Others within the School of Architecture have also put their skills to use to combat the virus. Alvin Huang, an associate professor of architecture, has mobilized more than 200 volunteers to use 3D printers to print face shields and two sizes of pseudo N95 masks. In less than a week, his volunteer network of School of Architecture faculty, students, alumni and private firms has printed more than 2,000 combined pseudo N95 masks and face shields to distribute to Keck, L.A. County + USC Medical Center, Children’s Hospital Los Angeles and Martin Luther King, Jr. Hospital in South Los Angeles.
In a similar fashion, IYA is also creating face shields to supply to hospitals. Tucker Rae-Grant, the digital fabrication lab specialist of IYA’s Makerspace, took into consideration the fact that their team will most likely not be able to provide enough supplies to hospitals using 3D printing as they figured out what role they could play in producing PPE. With this problem in mind, Rae-Grant found an open source laser-cutting design for face shields from the University of Wisconsin-Madison, which he’s using to produce 400 face shields a week with the Makerspace’s three laser cutters, a rate that would have been faster than creating masks using a 3D printer.
Los Angeles Mayor Eric Garcetti visited the IYA Makerspace Sunday to show gratitude to the workers creating the face masks, while also creating three face shields himself.
“In a great partnership feedback between Keck, the school of medicine, and the hospitals that USC runs, they are able to look in real time and ask for changes in equipment … to help folks be able to make sure that they can stay safe while they are saving our lives,” Garcetti said in a Facebook Live video.
The face shield parts from all collaborating schools are dropped off at either the University Park or Health Sciences campus. There, the parts are then assembled under the inspection of Lengyel and the Keck infection prevention team.
“We have to … get that education out there to ensure that we are delivering the safest practices for the healthcare workers and making sure that they have the personal protective equipment to keep them safe and make sure they know how to use it correctly — donning and adopting it correctly each and every time they use personal protective equipment,” Lengyel said.

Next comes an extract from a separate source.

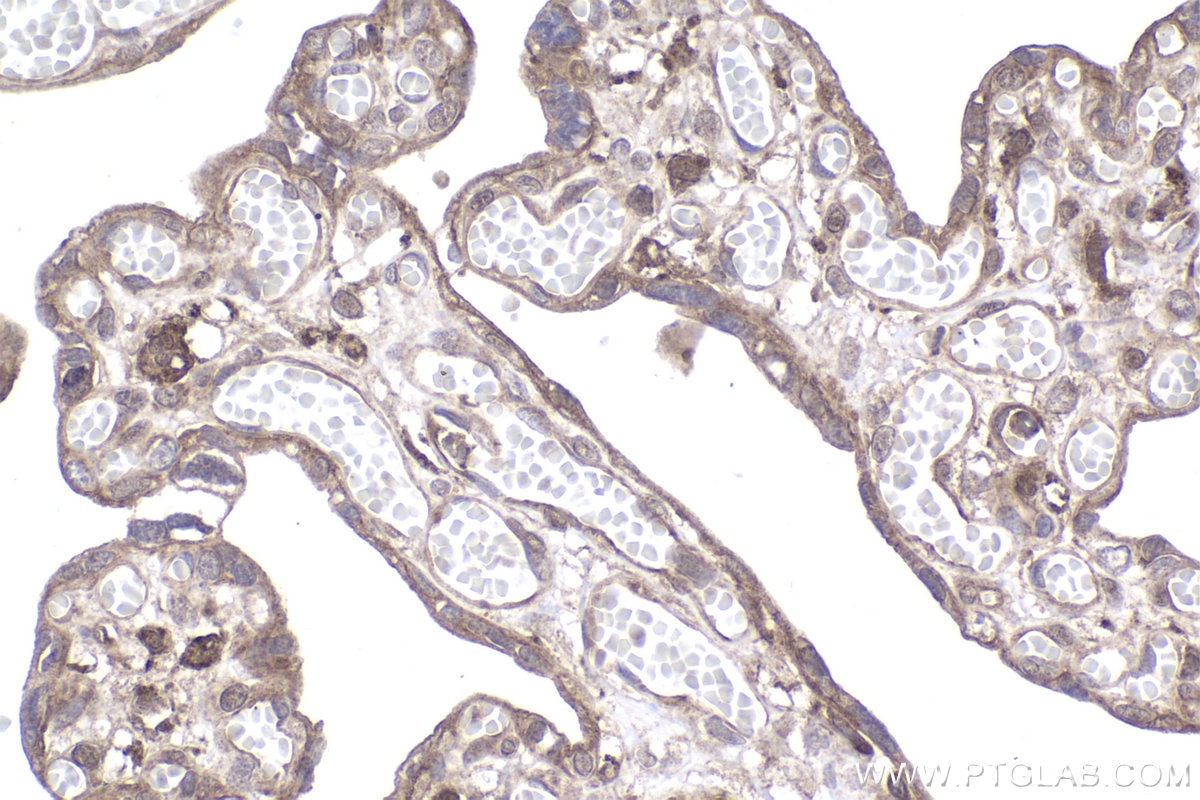 Immunohistochemistry (IHC) staining of human placenta tissue using STUB1 Polyclonal antibody (29751-1-AP)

Other forms of PPE donations have come from other USC schools and institutes as well. The staff of the Wrigley Institute for Environmental Studies on Catalina Island rallied to find N95 masks in earthquake emergency kits and sent them along with N100 masks, safety goggles and safety glasses to the mainland over several shipments. School of Dramatic Arts Head of Production Elsbeth Collins and her production staff are sewing face mask covers to donate to Keck. Since dramatic productions have been canceled, Collins assembled sewing kits for her staff so that they could produce 160 to 200 mask covers per week.
Whether sewing, 3D printing or laser-cutting, the cumulative efforts of each team are to try and best prepare Los Angeles for increasing surges in hospitals, Lengyel said.

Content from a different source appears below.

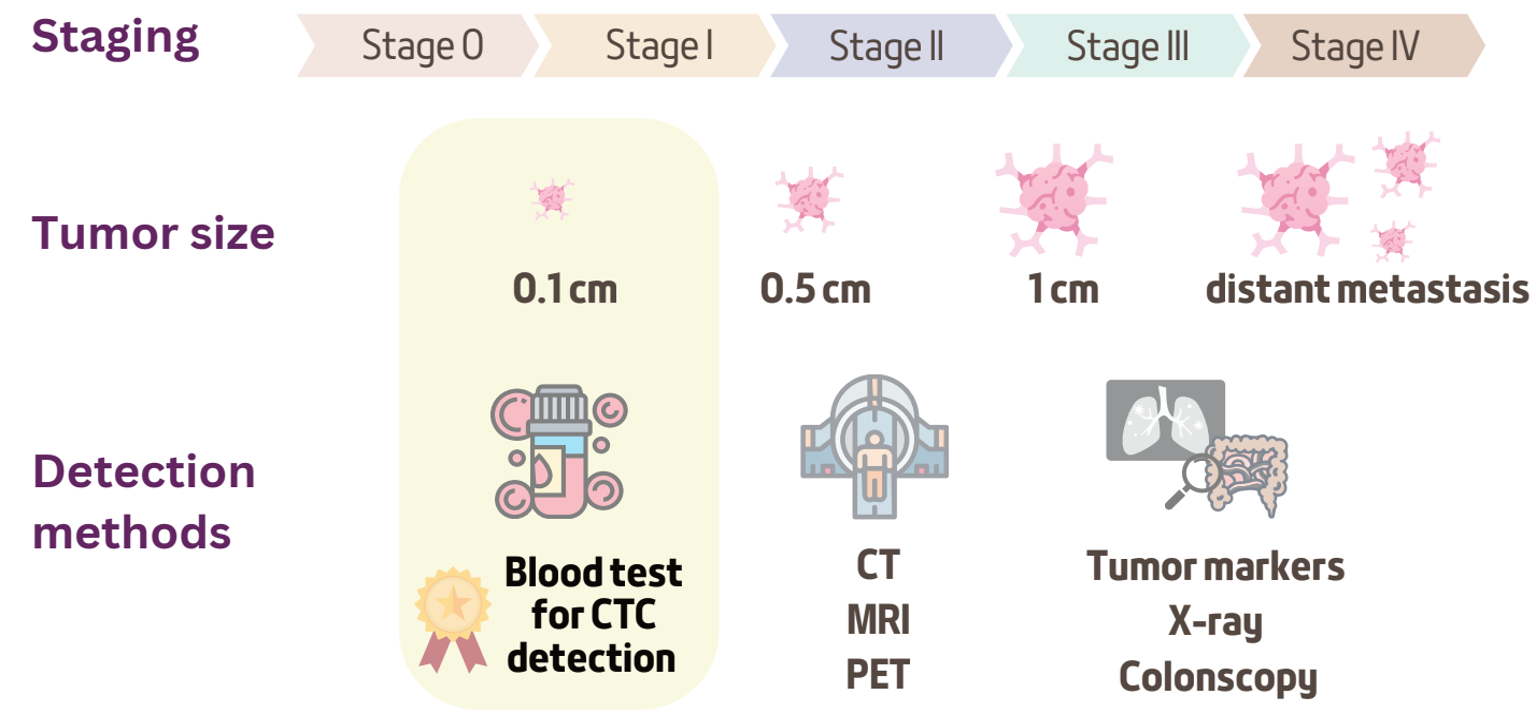 Cancer stage progression diagram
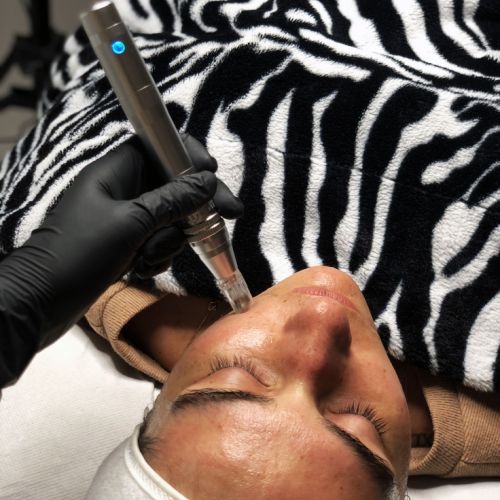 Soins traitants de la peau - Institut de beauté à Grésy sur Aix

“It’s not just everybody at USC coming together but it’s really everybody in Los Angeles coming together — it’s bigger than USC,” Armani said. “Getting industry participation, family member participation, that’s really what’s so remarkable. Having faculty members collaborate with each other, that happens all the time. But getting industry to volunteer their time, to donate materials, that’s what’s really unique about what’s happening right now.”